Ojalá te hubiese conocido antes, ojalá hubiésemos jugado juntas a las muñecas y a los coches, ojalá hubiera podido compartir contigo la Game Boy Color, ojalá nos hubiésemos caído juntas de la bici cuando aprendíamos a montar y ojalá hubiese estado a tu lado en aquellas tardes en las que estuviste sola en esa casa. Te prometo que te hubiera dado la mano y te hubiera dicho que tuvieses paciencia, que Gonzalo y yo seríamos la mejor familia del mundo.
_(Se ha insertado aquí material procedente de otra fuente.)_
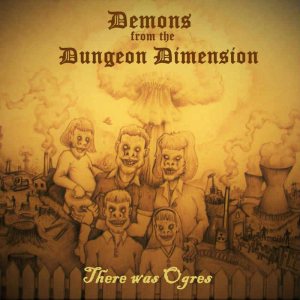 Demons from the Dungeon Dimension - There Was Ogres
No te mentiré porque me conoces de sobra: tuve miedo cuando era adolescente, tuve pensamientos muy negativos sobre mi vida y no sabía si algún día encontraría personas con las que compartir mi mundo. Por suerte, me atreví a buscar más allá, incluso a mirar en la dirección opuesta a la señalada para encontraros a vosotros. Da igual la edad a la que conozcas a las personas que te acompañarán el resto de tu vida, te aseguro que aparecerán y serán para siempre.
Y tú, Inés, o tú que lees esta carta, no tengas miedo de rechazar a quien te hace daño, a separarte de quien te obliga a ser otra persona, a reivindicar tus ideales aunque no sean los mismos que los de los demás, y a gritar lo que quieres y lo que no.
Y no te calles.
La vida es demasiado corta como para vivirla al lado de gente que no disfruta compartiéndola.